**INPUT FOR THIS TASK**
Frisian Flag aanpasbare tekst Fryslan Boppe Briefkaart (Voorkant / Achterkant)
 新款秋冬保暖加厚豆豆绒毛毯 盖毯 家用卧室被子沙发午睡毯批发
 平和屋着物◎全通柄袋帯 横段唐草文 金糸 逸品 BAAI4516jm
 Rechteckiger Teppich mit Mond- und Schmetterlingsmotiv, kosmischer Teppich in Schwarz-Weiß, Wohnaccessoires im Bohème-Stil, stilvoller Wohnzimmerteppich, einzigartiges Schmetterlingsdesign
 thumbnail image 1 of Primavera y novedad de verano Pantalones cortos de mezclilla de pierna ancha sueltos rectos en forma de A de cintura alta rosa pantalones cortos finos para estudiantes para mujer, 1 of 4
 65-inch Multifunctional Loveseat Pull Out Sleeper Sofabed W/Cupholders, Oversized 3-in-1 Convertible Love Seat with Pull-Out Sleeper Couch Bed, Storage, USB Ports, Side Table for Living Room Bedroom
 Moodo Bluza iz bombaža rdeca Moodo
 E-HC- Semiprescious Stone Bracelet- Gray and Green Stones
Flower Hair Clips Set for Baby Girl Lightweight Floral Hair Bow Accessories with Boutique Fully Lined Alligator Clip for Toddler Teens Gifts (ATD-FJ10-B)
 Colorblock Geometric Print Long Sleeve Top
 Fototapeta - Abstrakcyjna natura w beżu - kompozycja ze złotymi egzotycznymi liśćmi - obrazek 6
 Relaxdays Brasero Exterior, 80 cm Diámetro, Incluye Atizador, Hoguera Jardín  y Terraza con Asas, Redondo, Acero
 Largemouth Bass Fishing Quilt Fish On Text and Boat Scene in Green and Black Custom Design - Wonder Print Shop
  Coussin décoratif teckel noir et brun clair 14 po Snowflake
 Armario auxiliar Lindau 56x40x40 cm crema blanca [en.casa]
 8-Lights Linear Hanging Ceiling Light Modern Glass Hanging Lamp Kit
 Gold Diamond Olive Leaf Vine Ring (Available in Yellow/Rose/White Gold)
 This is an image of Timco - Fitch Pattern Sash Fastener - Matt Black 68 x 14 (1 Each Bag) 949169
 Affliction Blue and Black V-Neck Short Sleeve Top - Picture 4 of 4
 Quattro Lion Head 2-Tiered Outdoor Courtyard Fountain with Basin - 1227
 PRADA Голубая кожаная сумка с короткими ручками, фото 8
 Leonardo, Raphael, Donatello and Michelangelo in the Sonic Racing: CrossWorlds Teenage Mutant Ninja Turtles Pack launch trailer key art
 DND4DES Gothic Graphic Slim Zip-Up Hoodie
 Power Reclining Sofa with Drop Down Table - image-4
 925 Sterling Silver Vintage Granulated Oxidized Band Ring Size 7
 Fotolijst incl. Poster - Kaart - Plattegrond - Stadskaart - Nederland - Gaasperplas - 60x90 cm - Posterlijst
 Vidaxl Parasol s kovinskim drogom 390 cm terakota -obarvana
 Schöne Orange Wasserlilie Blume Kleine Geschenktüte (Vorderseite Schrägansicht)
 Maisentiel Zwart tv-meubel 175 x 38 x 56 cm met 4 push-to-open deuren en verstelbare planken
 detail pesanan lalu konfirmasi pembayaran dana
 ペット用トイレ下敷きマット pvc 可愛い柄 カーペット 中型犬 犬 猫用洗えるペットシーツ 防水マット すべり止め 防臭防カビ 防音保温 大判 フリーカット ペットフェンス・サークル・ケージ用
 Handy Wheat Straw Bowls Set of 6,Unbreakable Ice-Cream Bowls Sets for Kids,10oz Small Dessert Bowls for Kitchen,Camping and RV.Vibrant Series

**WHAT YOU NEED TO DO**
Your task is to retype the entries verbatim, starting with the line that holds "Schöne Orange Wasserlilie" and stopping after the line that holds "ペット用トイレ下敷きマット pvc 可愛い柄".

**SOLUTION TO THIS TASK**
 Schöne Orange Wasserlilie Blume Kleine Geschenktüte (Vorderseite Schrägansicht)
 Maisentiel Zwart tv-meubel 175 x 38 x 56 cm met 4 push-to-open deuren en verstelbare planken
 detail pesanan lalu konfirmasi pembayaran dana
 ペット用トイレ下敷きマット pvc 可愛い柄 カーペット 中型犬 犬 猫用洗えるペットシーツ 防水マット すべり止め 防臭防カビ 防音保温 大判 フリーカット ペットフェンス・サークル・ケージ用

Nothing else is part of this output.